For those eager to play with the Padfone — Asustek Computer Inc’s (華碩) much-touted, upcoming tablet/smartphone combo — the company yesterday shed more light on the product that induced “oohs and aahs” from the crowd at Computex Taipei earlier this year.
Asustek’s goal is to use the gadget to make a comeback in the smartphone industry, where it has been losing out to giants such as Apple Inc, Samsung Electronics Inc and HTC Corp (宏達電). The company also hopes to bounce back after its two-year smartphone partnership with US portable navigation device maker Garmin Ltd fell through in January.

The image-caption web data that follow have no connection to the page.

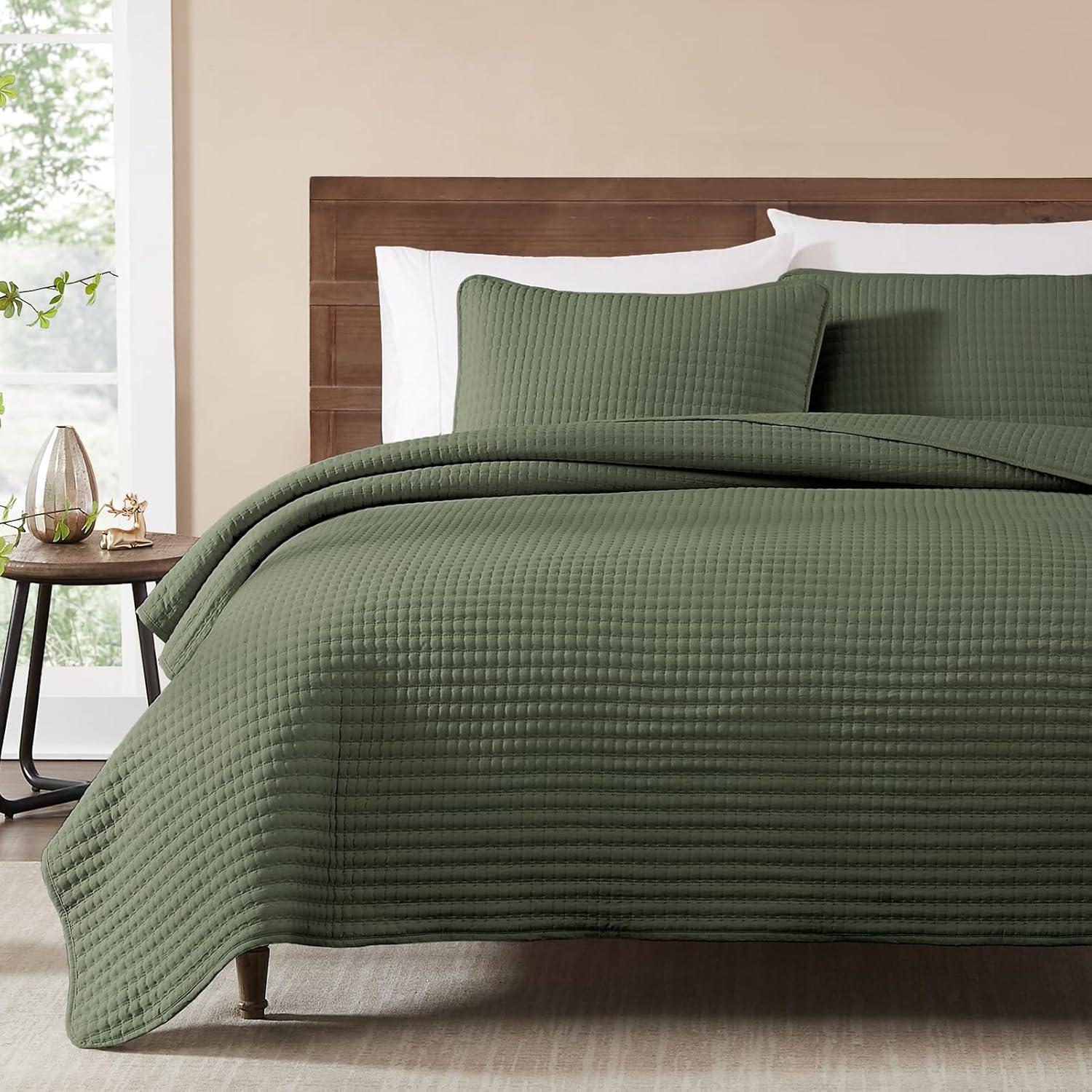 Lightweight Soft Bedspread Coverlet Green - 3 Piece - King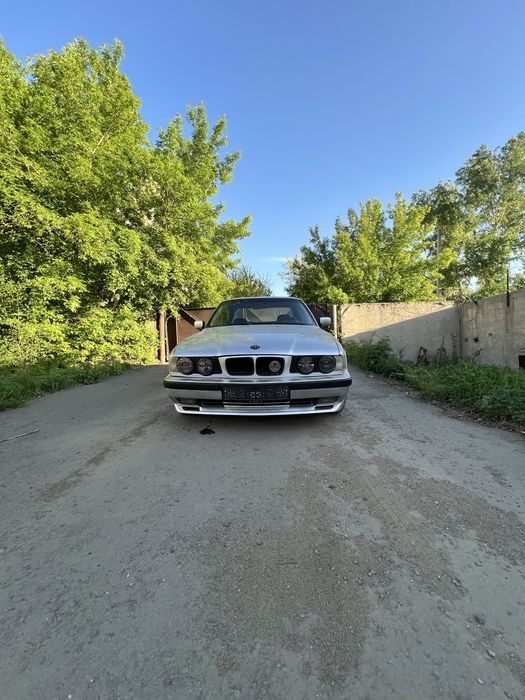 Продам бмв 520i vanos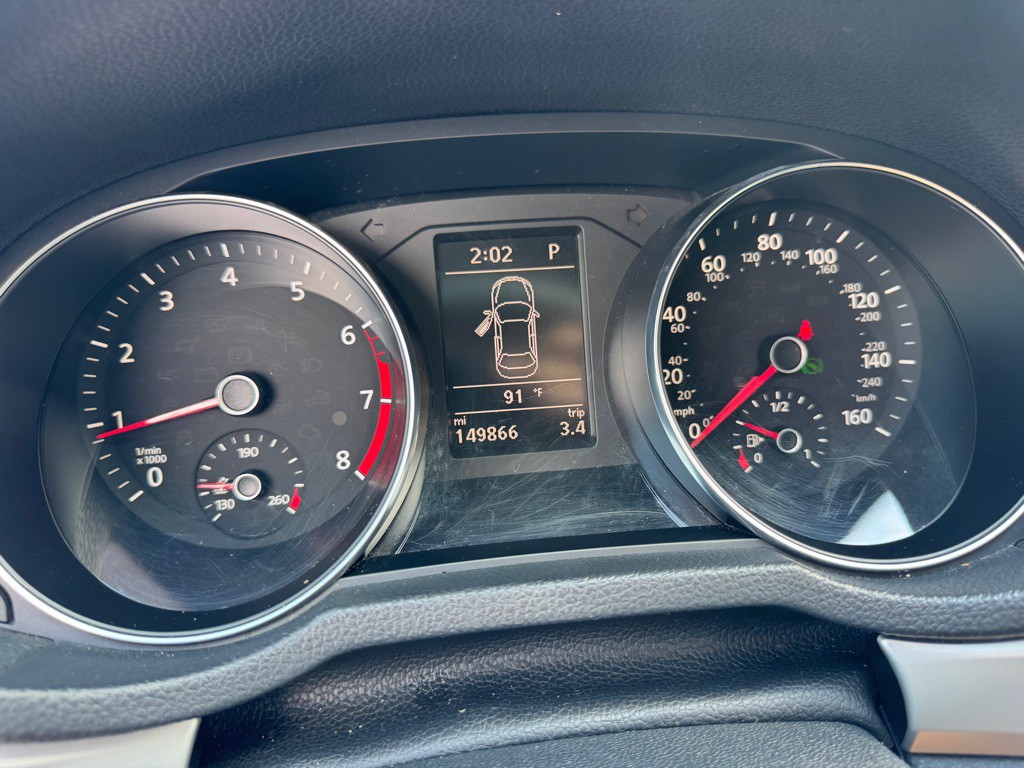 2016 Volkswagen Passat Image 12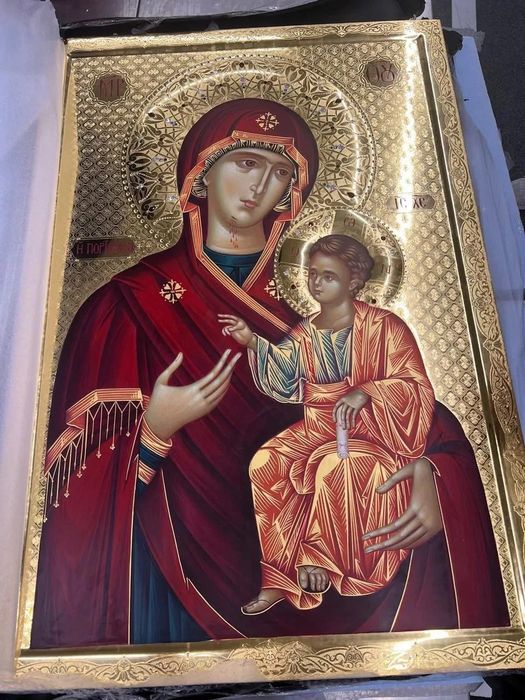 В Шереметьево таможенники нашли у иностранца 12 икон, купленные за 2,8 тыс евро. Фото: соцсети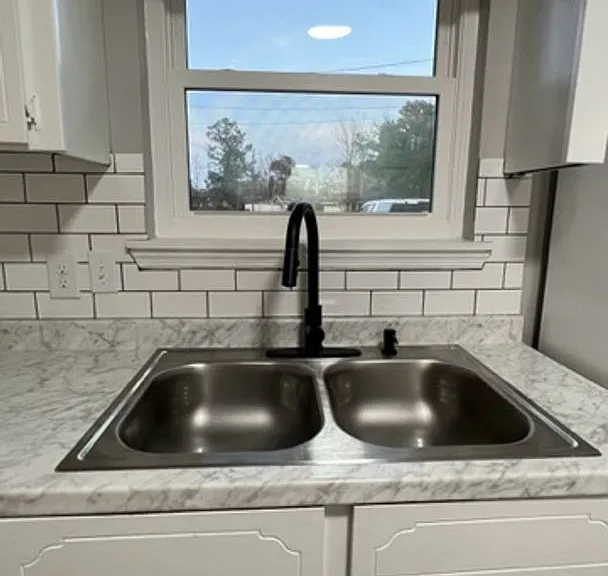 184 Sequoia Cir — Photo 5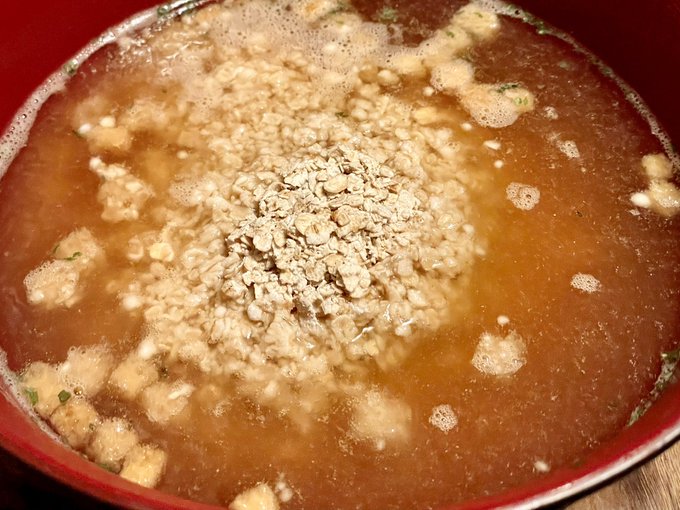 世界で1番手軽で簡単でうまいオートミールの食べ方
インスタントのオニオンスープにインスタントのオートミールぶち込むだけ
めたくそ楽でうまい 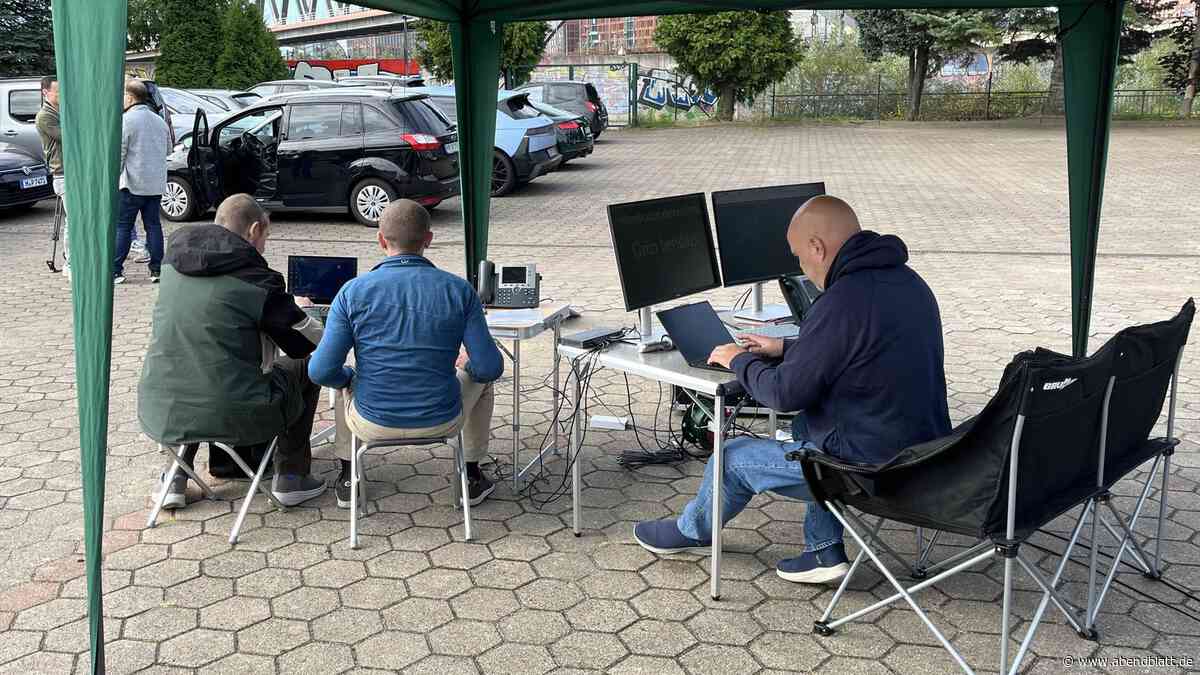 Stromausfall bei IT‑Firma: Gearbeitet wird jetzt auf dem Parkplatz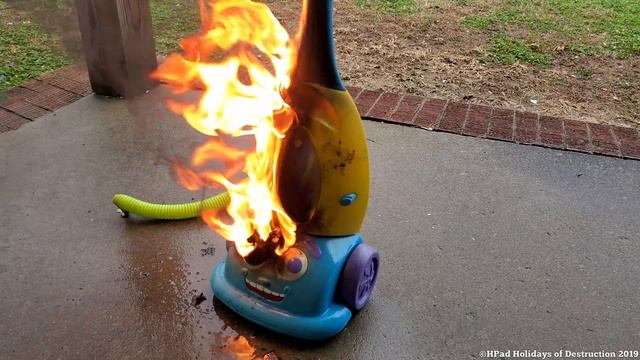 Playskool Vacuum Destruction смотреть онлайн
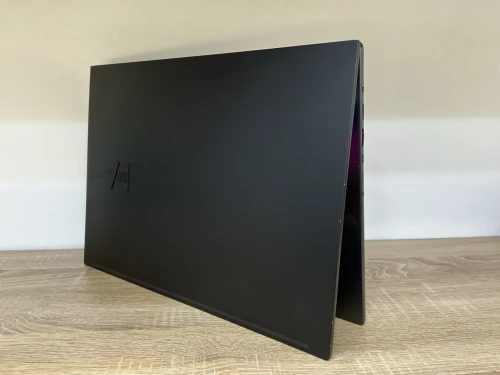 Asus Vivibook Pro X16 Ryzen 9 5900HX-16-512gb nvme-Nvidia RTX 3050ti -2.8K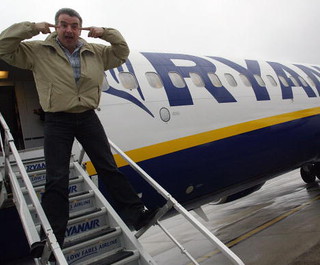 Ryanair obniży ceny biletów, ale "upcha" w samolocie więcej pasażerów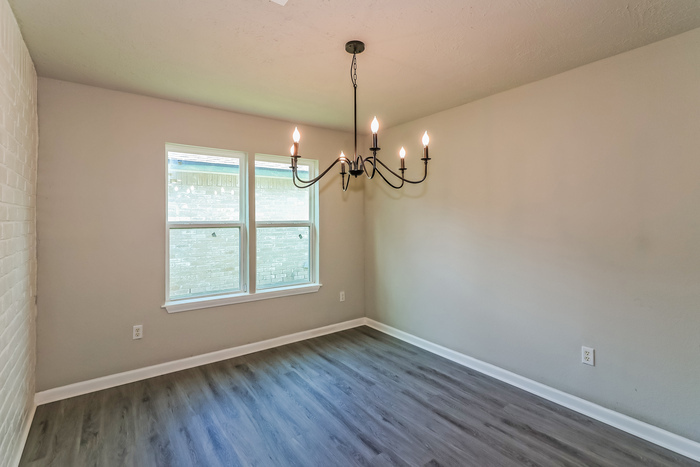 Building Photo - 11903 Bonaparte Dr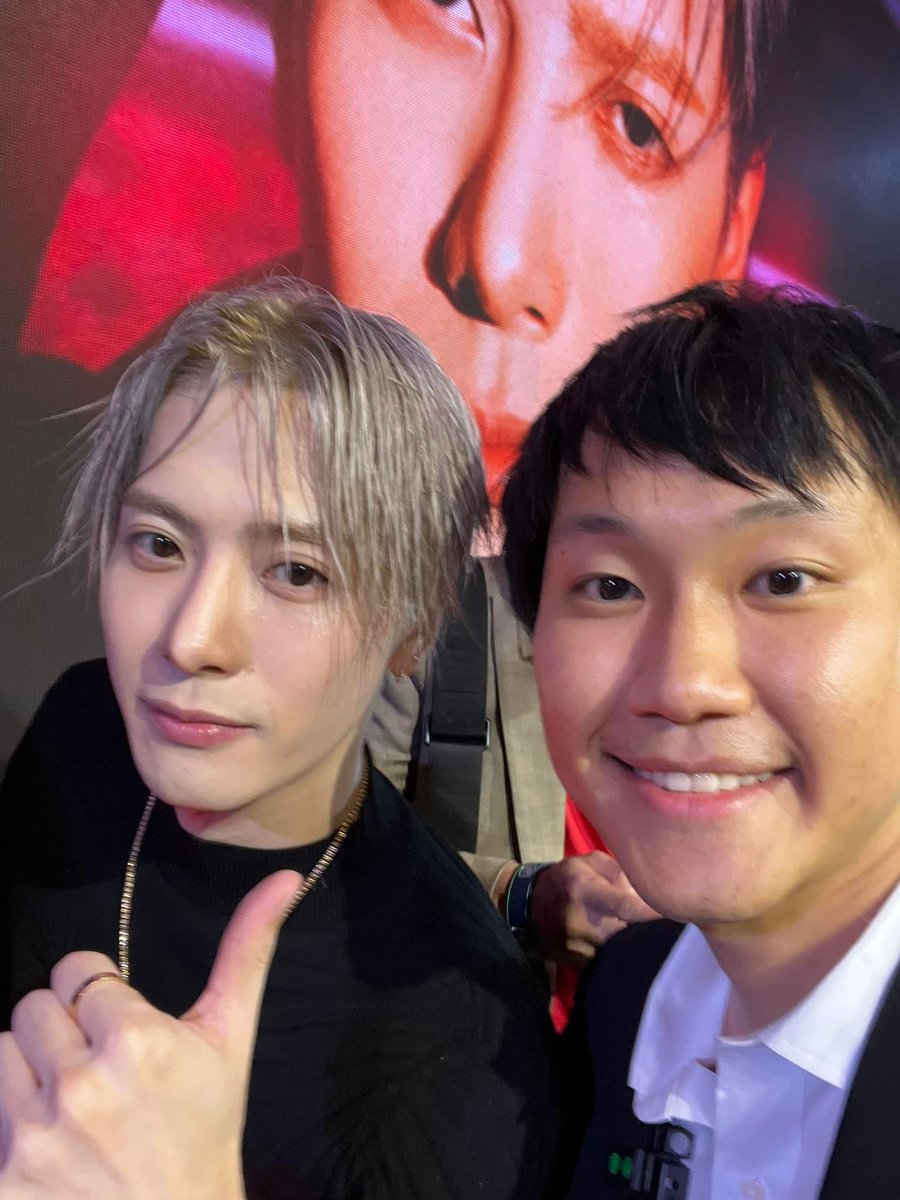 toppjirayut's tweet photo. ยินดีต้อนรับสู่เมืองไทยครับพี่แจ็ค! 🔥 https://t.co/AwYy5tJ7y7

“We are still finding our niche in the smartphone sector,” Alex Sun (孫聰敏), corporate vice president of Asustek’s personal mobile devices business unit, said yesterday on the sidelines of a public function in Taipei.
However, the company decided to move forward with the Padfone, which is a 4.3-inch smartphone that can be inserted into its accompanying tablet’s rear docking unit, powering up the 10-inch panel to enable an enhanced multimedia experience.
According to Sun, it is the smartphone, not the tablet, that will be the highlight of the Padfone. The tablet will only work when the smartphone is inserted into the dock.
If consumers are concerned that they will have to pay the price of one tablet plus one smartphone, they need not fret.
Sun said the Padfone’s price tag would fall around that of an iPhone.
“The prices of the iPhone or the iPad have set the benchmark in the industry ... We need to price our gadgets competitively to attract consumers,” Sun told the Taipei Times.
Despite Asustek’s announcement on May 30, ahead of the May 31-June 4 Computex trade show, that the Padfone would hit retail stores around Christmas time, the company yesterday said the launch date may be postponed until the first quarter of next year.
A separate company source, who is familiar with Asustek’s development of the next series of super-slim notebooks running on Intel Corp’s Ultrabook platform, said last month that the chances of the Padfone missing its Christmas launch date were high.
This is because it still has to overcome some technical glitches, given the technological barriers involved in combining a smartphone and a tablet seamlessly into a single functioning device, the source said.
In a bid to ensure the Padfone would replicate the success of its hot-selling Transformer tablet PCs, Asustek said development projects of second and third-generation Padfones are ongoing and they would hit retail stores next year.
“We are thinking of throwing in some features such as LTE [Long Term Evolution] or 3D into the newer generations of Padfone,” Sun said.
“A smooth and robust experience is of utmost importance if we are to wow users,” the executive added.